La brume s'intensifia si cela était encore possible. Elle avait rampé comme un serpent vicieux jusqu'au pied de Poudlard et maintenant elle partait à l'assaut de ses murs. Le vieil homme réprima un second violent frisson puis regarda son amie quitter son bureau de sa démarche droite et outragé.

-Professeur ? s'étonna Harry quand il pénétra chez le vieil homme qui avait regagné ses appartements. Que se passe-t-il ?

L'auror s'avança près du directeur. Oui quelque chose n'allait pas, jamais il n'avait vu Albus aussi concentré, aussi inquiet et terrorisé.
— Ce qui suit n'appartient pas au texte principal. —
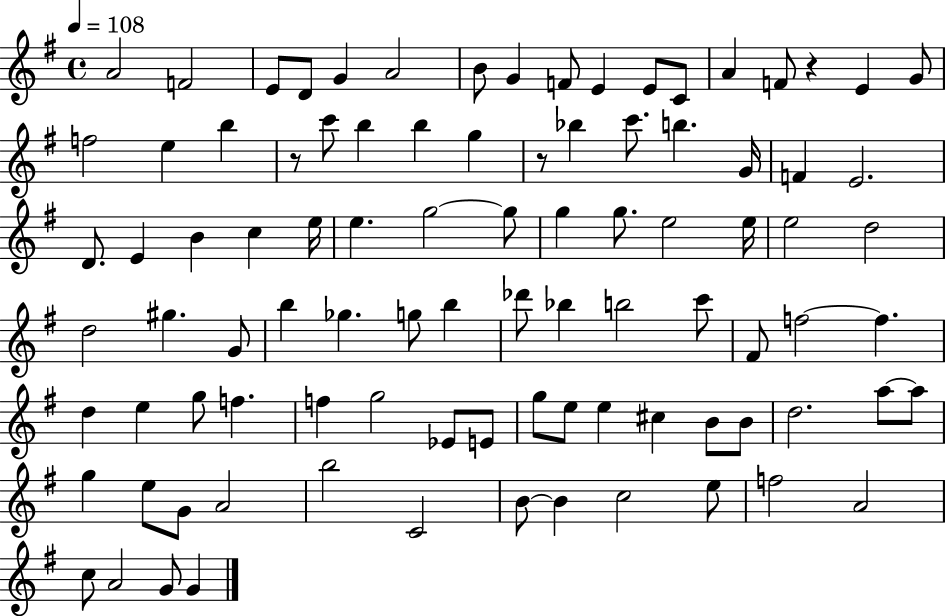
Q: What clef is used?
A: treble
Son regard était ailleurs, comme s'il était parti dans un autre monde, et pas quelque chose de joyeux d'après les multiples rides sur son front qui se chevauchaient.

L'homme ne répondit pas, occupé qu'il était à réchauffer ses rhumatismes devant un bon feu de cheminée. Ses pensées voyageant pendant l'année de ses quatre ans. Cherchant une réponse à ses délires et à ses questions.

Harry s'approcha du sorcier et tapota sur son épaule pour le faire sortir de sa torpeur.

-Oh, c'est toi, Harry ! Prends un siège et viens près de moi.

-Seriez-vous souffrant ? Vous avez mauvaise mine là !

-Non, non, je ne suis pas malade...peux-tu me dire quelle heure il est ?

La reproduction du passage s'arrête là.